Constructing phylogenetic networks in situations where introgression or HGT have occurred has been somewhat different in practice to that used for hybridization. Hybridization has usually been tackled by merging incongruent tree topologies, based on the idea that the different topologies represent the phylogenetic history of the different genomes of the hybrid taxon. Introgression and HGT have usually been tackled by adding reticulation edges to a phylogenetic tree, on the basis that the tree represents the phylogenetic history of the main part of the genome.
So, the study of introgression (and HGT) involves (a) constructing a phylogenetic tree from some genomic sample, and (b) detecting the introgressed (or HGT) parts of the genome. This is potentially a problematic procedure, because how do we construct a phylogenetic tree from data that already contain non-tree components? Apparently, the expectation is that a single tree will be supported by the majority of the data, and the remainder will represent the introgressed (or HGT) pathways(s), plus whatever other components have created the observed genomic variability (such as incomplete lineage sorting, gene duplication-loss, and stochastic mutations).
Recently, there have been quite a few studies published that have adopted a specific protocol for this procedure, usually under the rubric of admixture. Most of these have involved the study of ancient human DNA, but there have also been studies of contemporary humans, as well as ancient non-humans, An example of the latter is shown in the next two figures, which represent parts (a) and (b), respectively. They are taken from this study of the relatives of horses: Hákon Jónsson, et alia (2014) Speciation with gene flow in equids despite extensive chromosomal plasticity.
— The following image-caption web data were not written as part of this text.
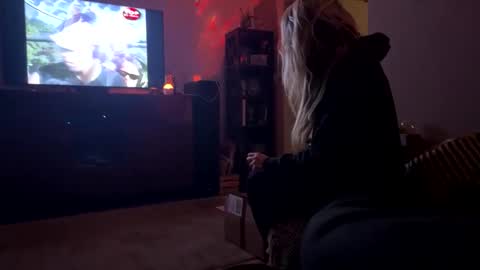 hawai303 online show from 03/02/26, 01:08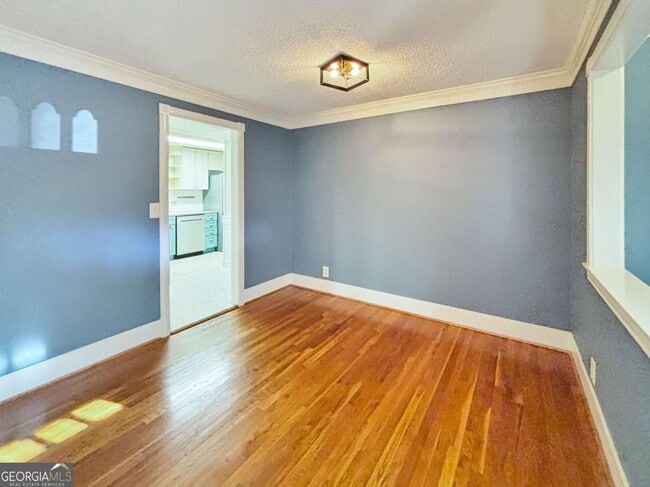 Building Photo - 2766 Cottonwood Dr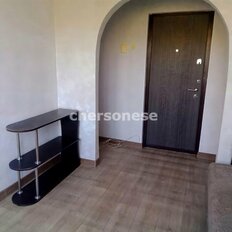 9,2 м², комната - изображение 1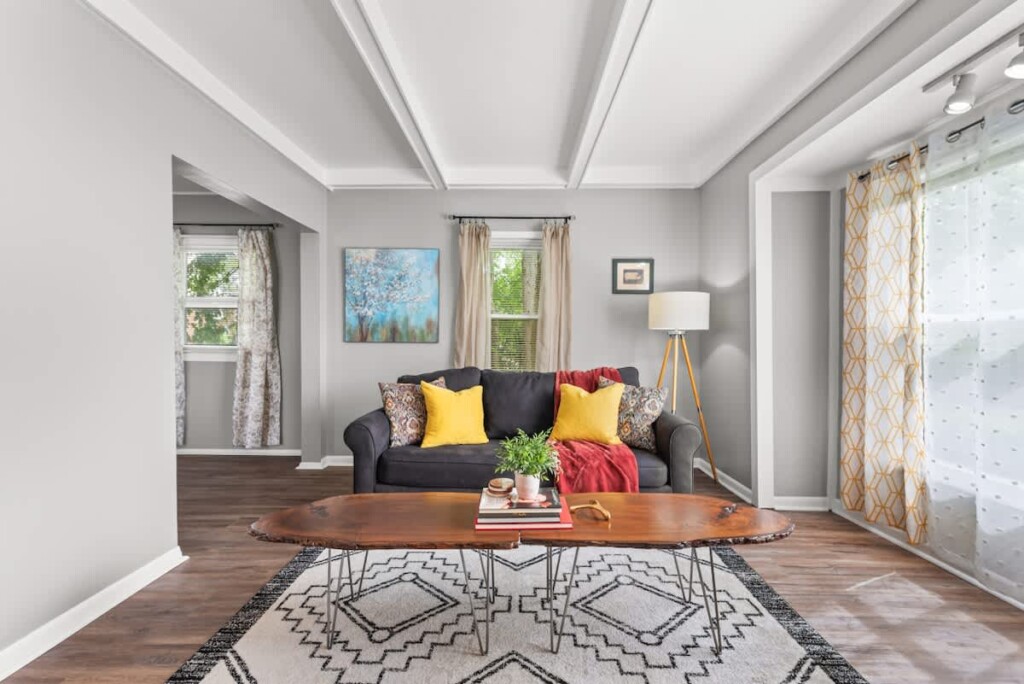 0fd88913 0a87 4d Y35tH.jpg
Proceedings of the National Academy of Sciences of the USA 111: 18655-18660.
The phylogenetic tree (step a) was constructed using "maximum likelihood inference and 20,374 protein-coding genes ... based on a relaxed molecular clock." So, only stochastic mutations were accounted for when constructing the tree, and not incomplete lineage sorting or gene duplication-loss.
The detection of introgression (step b) used "the D statistics approach, which tests for an excess of shared polymorphisms between one of two closely related lineages (E1 or E2) and a third lineage (E3)". The reticulations representing the detected gene flow were then added to the tree manually.
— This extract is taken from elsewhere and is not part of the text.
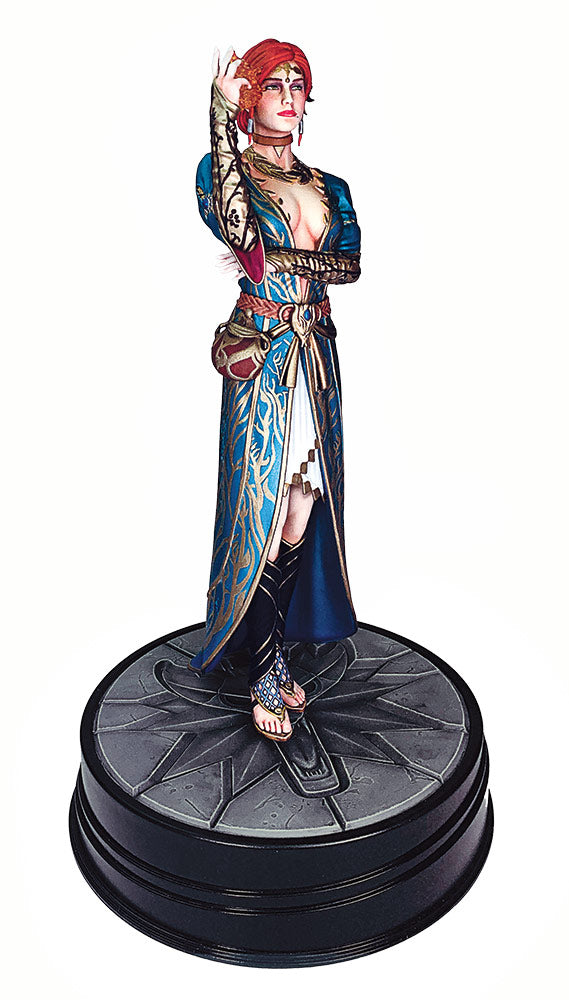 chez-rhox-geek-stop-figurine-the-witcher-3-wild-hunt-triss-merigold-series-2-8-inch-2.jpg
The D-statistic is also known as the ABBA-BABA test (see: Patterson NJ et alia. 2012. Ancient admixture in human history. Genetics 192: 1065-1093). It operates as follows for sets of four taxa, applied to character data.
Let the species tree be this, where E1–E3 are the three taxa being compared, and O is the outgroup:
There are three possible allele trees for each binary character (ie. single nucleotide polymorphism) in which states are shared pairwise:
In the first tree, E3 shares the ancestral character state with the outgroup, which is expected to be the most common pattern in the absence of gene flow. E1 and E2 share the ancestral state with the outgroup in the second and third trees, respectively.
The admixture test compares the ABBA tree to the BABA tree. The expectation is that if there has been no introgression then the data support for these two trees should be equal. That is, under the null hypothesis that there is no gene flow between the species (and the underlying species tree is correct), the difference in the expected number of occurrences of the ABBA and BABA patterns should be zero. Deviation from this expectation is statistically evaluated using a jackknife procedure.
When there are more than three ingroup taxa, they are tested in groups of three (plus the outgroup). No correction for multiple hypothesis testing seems ever to be applied. Recently, the test has been extended to five taxa (Pease JB, Hahn MW. 2015. Detection and polarization of introgression in a five-taxon phylogeny. Systematic Biology 64: 651-662).
Note that this test assumes that:
- the "excess of shared polymorphisms" arises solely from gene flow, with or without incomplete lineage sorting, rather than from any other tree-like processes such as gene duplication-loss or ancestral population structure
- there are no other sources of co-ordinated polymorphisms, such as character-state reversals due to adaptation / selection
- any gene flow that does exist is due to introgression, rather than to hybridization or HGT.